Hoosier State Chronicles has just uploaded several brand new titles into our online search engine.
Historians, genealogists and other curious researchers can now dig into some historic newspapers from Bloomington, Indianapolis, Bedford, Hammond, New Richmond, Sullivan, Smithville, and tiny Orland up in Steuben County. While our available run of Hammond’s Lake County Times currently includes just three years (1920-22), we’ll add issues of that great paper back to its start in 1906 in coming months.
Our newest batch also includes a controversial choice for Hoosier State Chronicles, but one which is of enormous historical value: the Ku Klux Klan’s Fiery Cross. From the early to mid-1920s, the Klan edited and printed its influential Indiana State edition from the Century Building in downtown Indianapolis at a time when the Invisible Empire was largely headquartered in Indy. Although HSC and the Indiana State Library in no way endorse the views of the KKK, we trust you’ll find The Fiery Cross a fascinating read. The paper is an integral part of the history of radical right-wing politics, nativism, anti-Catholicism, anti-Semitism, white supremacy, the battle over religion in public schools, and American attitudes toward immigration. Cast a glance at American politics today and what seems like old 1920s news is still hugely relevant.

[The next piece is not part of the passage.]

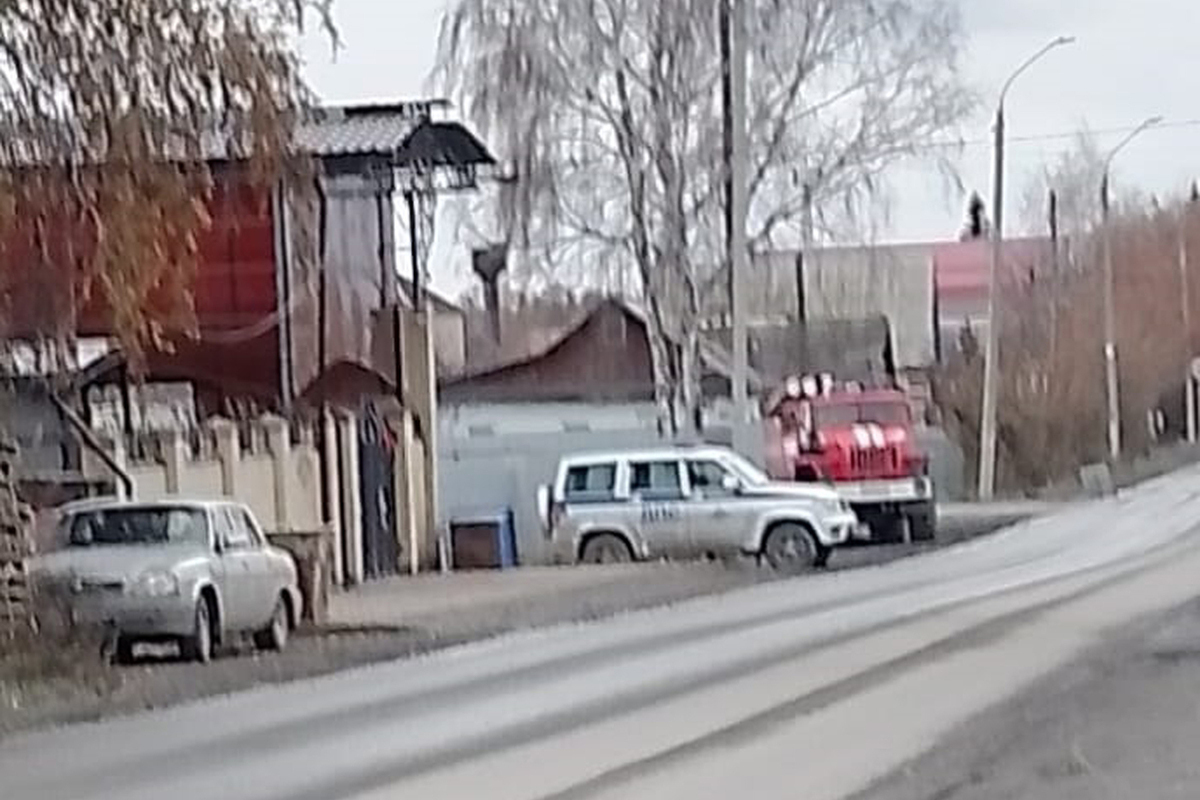 В Коркино вернулись цыгане и угрожают местным расправой «Это только начало»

We expect that some members of the public might be offended by our making The Fiery Cross available on the web, but we stand by its value as a historic document. If you’re looking for a strong anti-Klan perspective, many Hoosier editors took a stand against the group in the 1920s. We recommend several papers available in Hoosier State Chronicles: the African American Indianapolis Recorder, George R. Dale’s ferocious (and humorous) Muncie Post-Democrat, and the great Indianapolis News. The microfilm collections of the Indiana State Library also contain two other notable Indianapolis newspapers that opposed the KKK. These are the Pulitzer Prize-winning Indianapolis Times and the Indiana Catholic & Record, forerunner of the Catholic archdiocese’s current newsletter, The Criterion.
Although the Indiana Klan’s heyday ended in the late 1920s, we would also like to point out that Hoosier State Chronicles makes available the Jewish Post & Opinion from the date of its inception in Indianapolis in 1933 all the way up to 2005 — a paper that has fought for many decades to raise awareness of racism in the U.S. and abroad.

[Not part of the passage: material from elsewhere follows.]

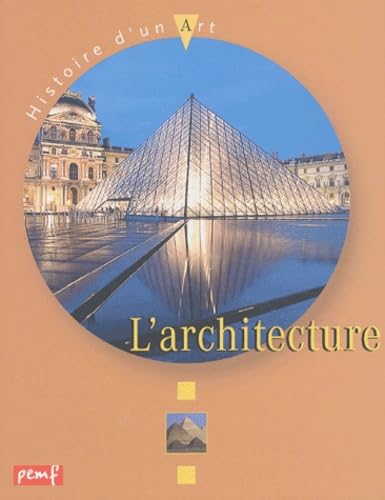 L'Architecture 9782845263956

Here’s a full list of what’s new on HSC this month:
- The Fiery Cross (1922-24, 104 issues) {a pro-Ku Klux Klan paper}
- Bloomington Courier (1881-95, 242 issues)
- Bloomington Daily Telephone (1932 only)
- Bloomington Progress (also called Republican Progress) (1869-1900)
- Bloomington Telephone (also called Weekly Telephone and Semi-Weekly Telephone) (1879-93)
- The Bloomington Hawkeye (1881, 7 issues)
- Smithville (Monroe County), Name It! & Take It! (1897) and the Smithville News (1908-1914)
- Lake County Times (also published as Hammond Times and forerunner to The Times of Northwest Indiana) (1920-1922, 774 issues — more coming soon)
- Indiana State Guard (also called The Old Line Guard) (Indianapolis, 1860-61)
- New issues of the Indianapolis Locomotive (now 202 issues, 1845-1858)
- Sullivan Daily Times (1945-49)
- German-language Indiana Tribüne (Indianapolis, 1878-1907, 8307 issues now stretching back to 1878)
- The Orland Echo (1891, 1 issue)
- Orland Zenith (1900-1923, 36 scattered issues)
- Clark County Democrat (Charlestown, 1 issue, 1863)
- New Richmond Record (1900-15, 134 issues)
- Bedford Independent (1856-57)
- And another old, old issue of the Indiana Territory’s first newspaper the Indiana Gazette from April 10, 1805.